Let's consider the most common model evaluation metrics:
- **Accuracy**
  
  Accuracy tells you how many times the model was able to detect a specific category. It shows share of correct answers out of total answers count.
  
  $$Accuracy = \frac{(TP+TN)}{(TP+FP+FN+TN)}$$
- **Precision**
  
  Precision measures the model's accuracy in classifying a sample as positive.
  $$Precision = \frac{TP}{(TP+FP)}$$
- **Recall**

  Recall measure the model's ability to detect positive samples.
  $$Recall = \frac{TP}{(TP+FN)}$$
- **Specificity**

  Specificity is the proportion of true negatives that are correctly predicted by the model.
  $$Specificity = \frac{TN}{(TN+FP)}$$
- **F1-score**

  F1 is a harmonic mean of the precision and recall
  $$F1\ Score = \frac{2*(Recall * Precision)}{(Recall + Precision)}$$
- **AUC/ROC (Receiver Operatin Characteristics) curve**

  AUC - ROC curve is a performance measurement for the classification problems at various threshold settings. ROC is a probability curve and AUC represents the degree or measure of separability. It tells how much the model is capable of distinguishing between classes.

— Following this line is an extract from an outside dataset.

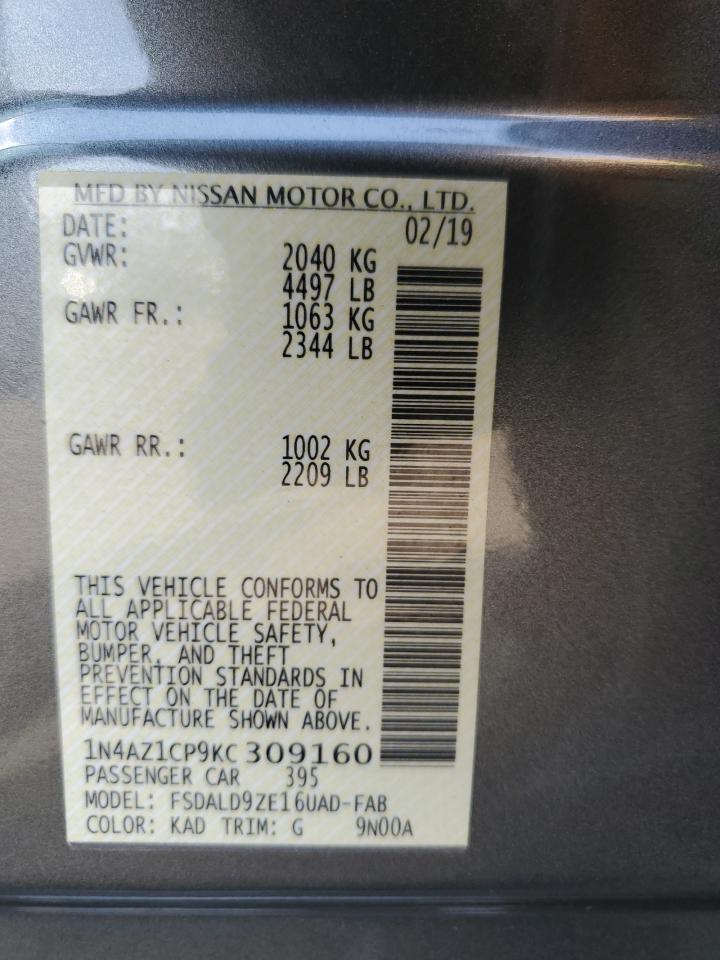 2019 Nissan Leaf S VIN: 1N4AZ1CP9KC309160 Lot: 64955334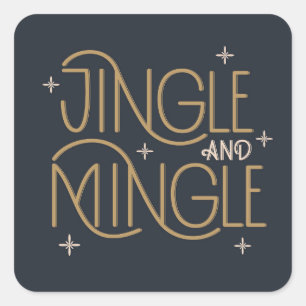 Sticker Carré Festive Jingle et Mingle Holiday Design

To calculate these metrics, various cross-validation approaches can be used. To name a few:
- Leave-one-out
- K-fold
- Shuffle split

The end goal of model selection and estimation process is to choose the best model out of multiple options.

## Custom implementation
Our approach to model selection and estimation is to implement a framework with the following features:
- Easy configuration via file, configuration of dataset, models list and cross validation method
- Sequentally evaluate every given model on the dataset, build confusion matrices and calculate key quality metrics
- Print a human-readable report as table in the end

Let's look at our main class that performs models evaluation:

In [None]:
import numpy as np
from sklearn.model_selection import LeaveOneOut, KFold, ShuffleSplit
from timeit import default_timer as timer

class AutoML:
    @staticmethod
    def __get_metrics_by_class(confusion_matrix: np.array):
        # A good article on confusion matrix:
        # https://towardsdatascience.com/confusion-matrix-for-your-multi-class-machine-learning-model-ff9aa3bf7826
        metrics = []
        classes_count = confusion_matrix.shape[0]

        for i in range(classes_count):
            tp = confusion_matrix[i][i]
            tn = np.sum(
                np.delete(
                    np.delete(confusion_matrix, i, 0),
                    i, 1
                )
            )
            fp = np.sum(np.delete(confusion_matrix[:, i], i, 0))
            fn = np.sum(np.delete(confusion_matrix[i], i, 0))

            metrics.append({
                "accuracy": (tp + tn) / (tp + tn + fp + fn),
                "precision": tp / (tp + fp),
                "recall": tp / (tp + fn),
                "specificity": tn / (tn + fp),
                "f1_score": (2 * tp) / (2 * tp + fp + fn),
            })

        return metrics

    @staticmethod
    def __get_average_metrics(metrics_by_class):
        result = {}
        metrics = ["accuracy", "precision", "recall", "specificity", "f1_score"]

        for metric in metrics:
            result[metric] = sum(item[metric] for item in metrics_by_class) / len(metrics_by_class)

        return result

    @staticmethod
    def get_reports(config):
        reports = []
        X = config["dataset"]["samples"]
        y = config["dataset"]["labels"]
        y_count = len(set(y))

        for model in config["models"]:
            start_time = timer()
            print(f"Evaluating model {model}")

            labels_dict = {k: v for v, k in enumerate(set(y))}
            label_to_index = lambda labels: [labels_dict.get(label) for label in labels]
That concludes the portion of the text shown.